▸ TO DO:
When you reach the line containing "Snapping Turtle", begin reproducing the material exactly, stop after the line containing "Nhiều bạn trẻ", and leave out any pictures along the way.

▸ RECORD SET:

========================

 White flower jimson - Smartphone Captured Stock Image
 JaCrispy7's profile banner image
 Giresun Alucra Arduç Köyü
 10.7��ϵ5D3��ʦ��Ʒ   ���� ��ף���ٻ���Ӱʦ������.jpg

========================

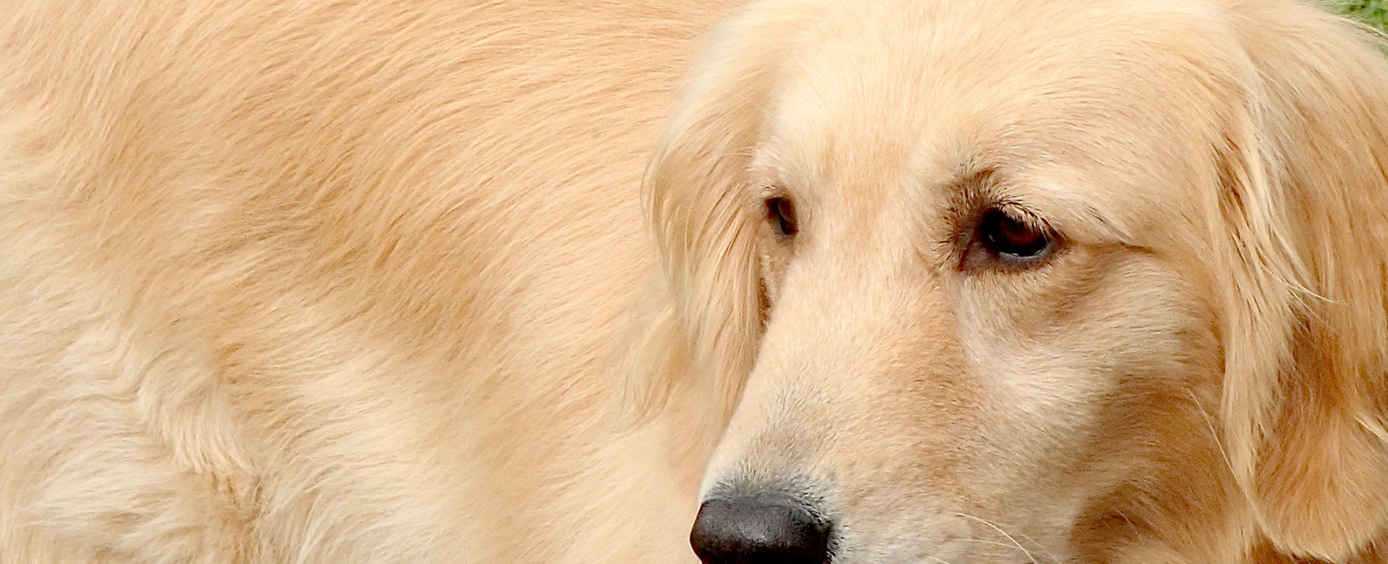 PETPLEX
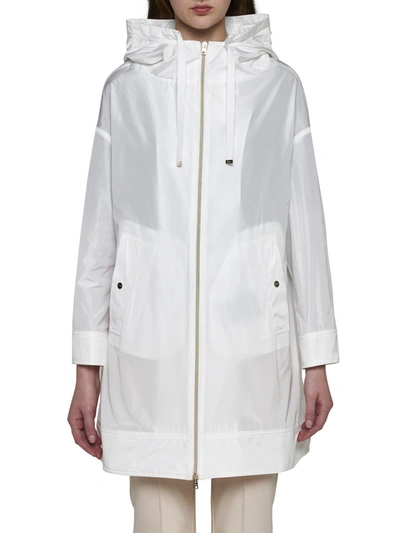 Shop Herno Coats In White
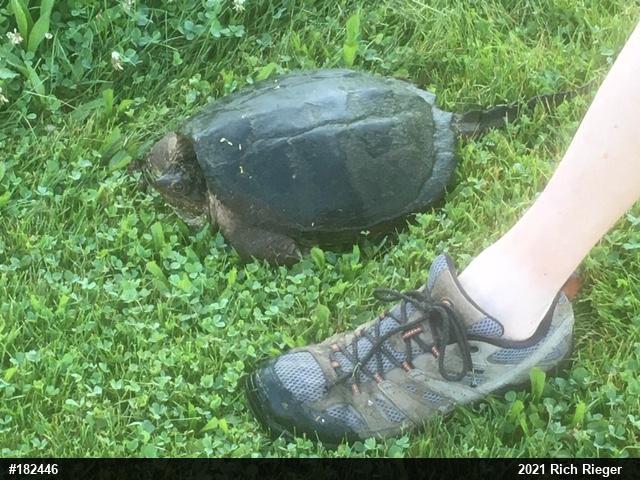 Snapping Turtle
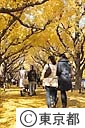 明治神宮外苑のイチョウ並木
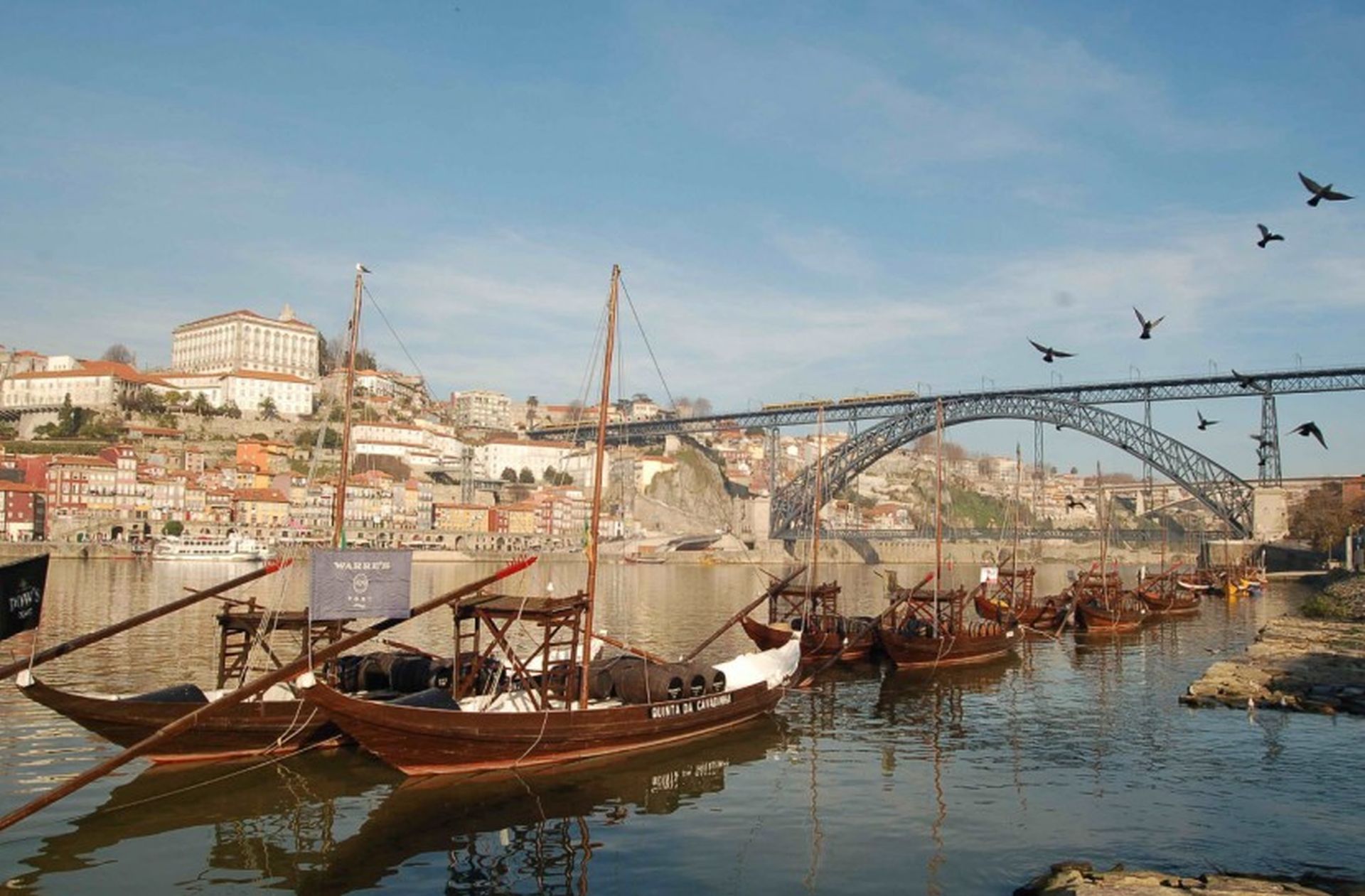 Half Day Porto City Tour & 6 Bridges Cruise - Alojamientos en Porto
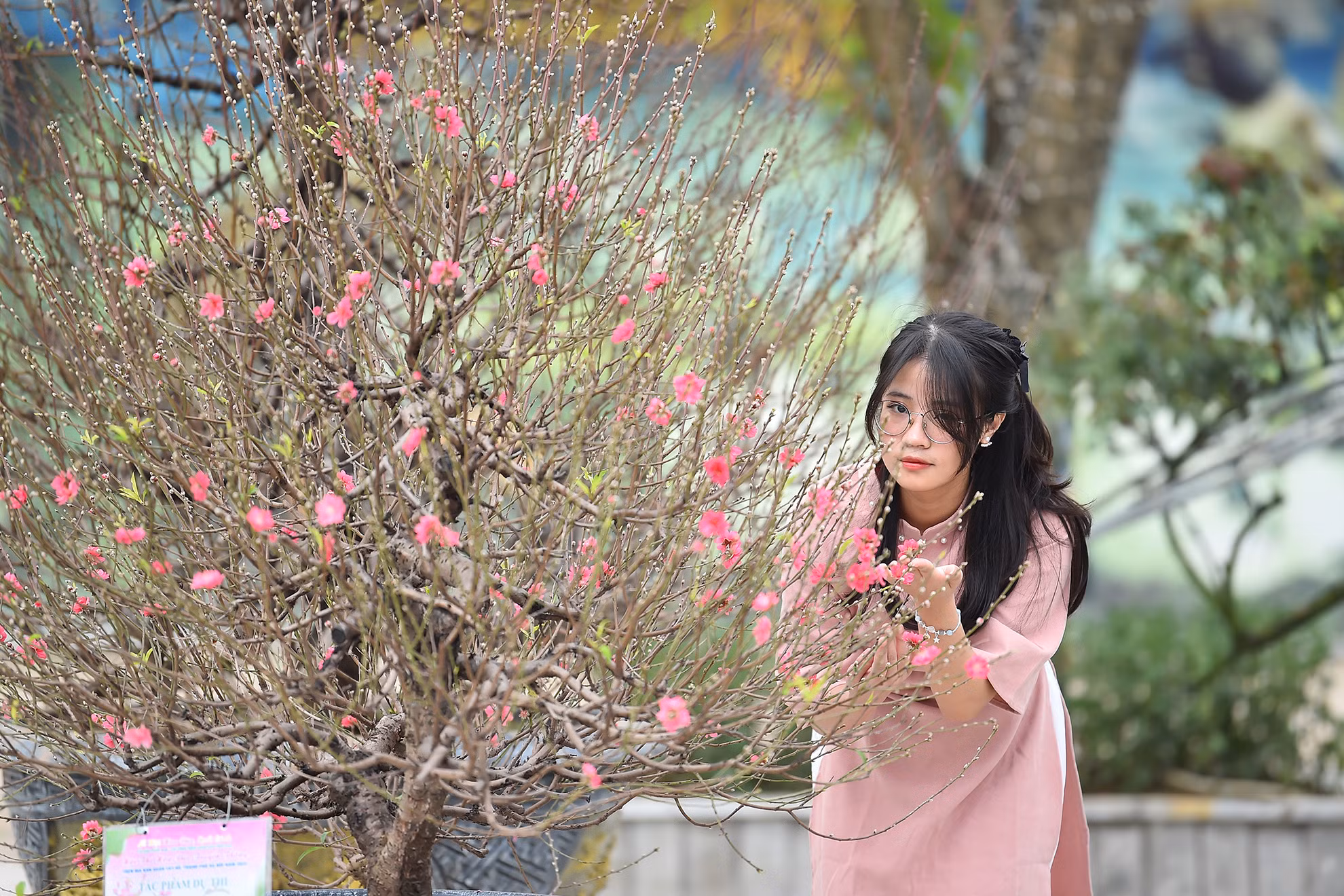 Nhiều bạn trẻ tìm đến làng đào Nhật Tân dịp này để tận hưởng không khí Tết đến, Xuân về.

========================

▸ RESPONSE TO THE EXERCISE:
 Snapping Turtle
 明治神宮外苑のイチョウ並木
 Half Day Porto City Tour & 6 Bridges Cruise - Alojamientos en Porto
 Nhiều bạn trẻ tìm đến làng đào Nhật Tân dịp này để tận hưởng không khí Tết đến, Xuân về.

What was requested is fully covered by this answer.